### TASK REQUIREMENTS
The reply needs the lines from the one containing "Villa - Nieuwbouw" through the end of the material, each repeated exactly, and no pictures.

### DATA SHOWN

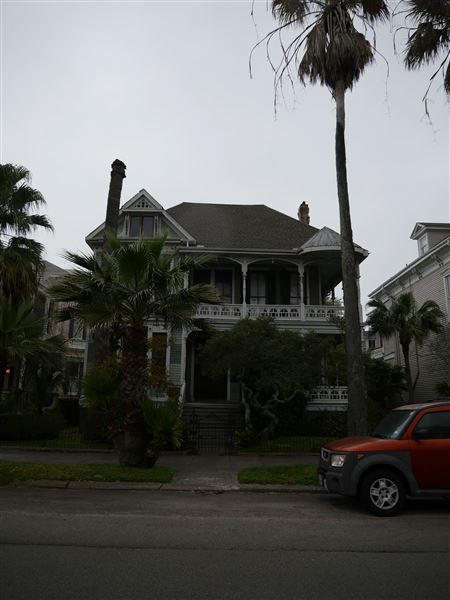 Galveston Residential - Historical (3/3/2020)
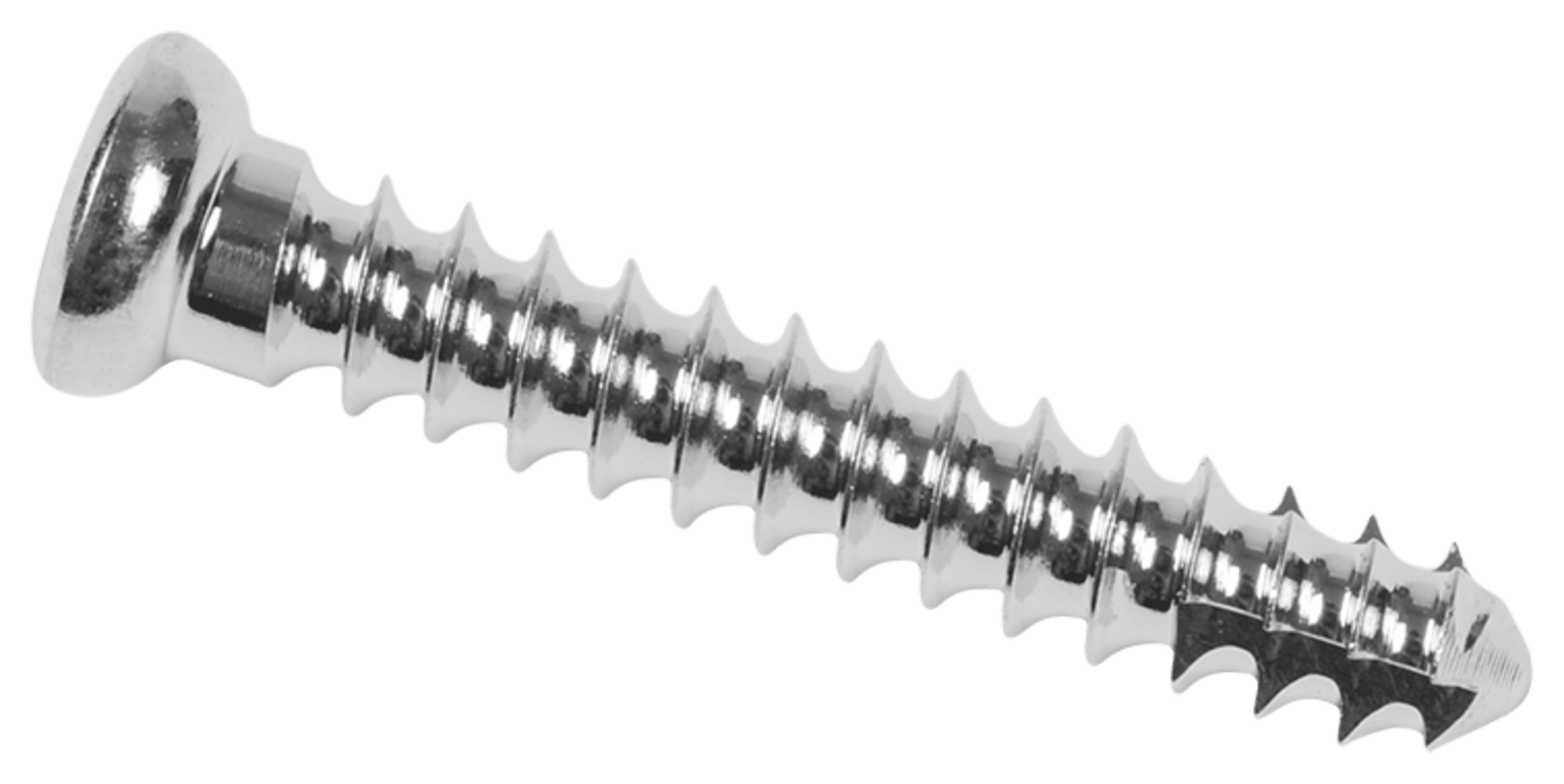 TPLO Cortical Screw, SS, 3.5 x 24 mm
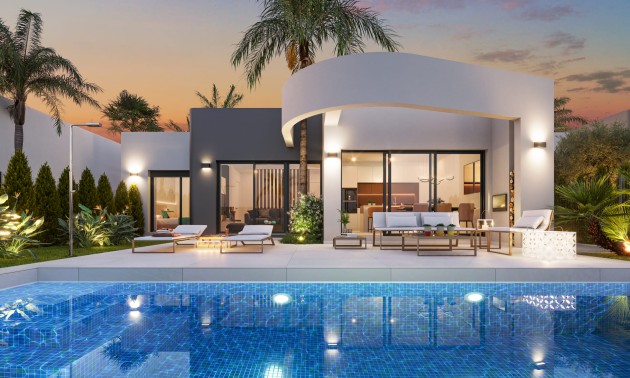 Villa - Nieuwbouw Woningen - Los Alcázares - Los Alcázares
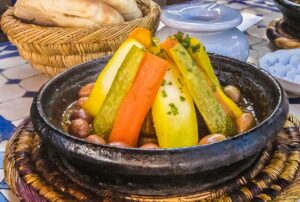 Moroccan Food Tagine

### RESULT BELOW
 Villa - Nieuwbouw Woningen - Los Alcázares - Los Alcázares
 Moroccan Food Tagine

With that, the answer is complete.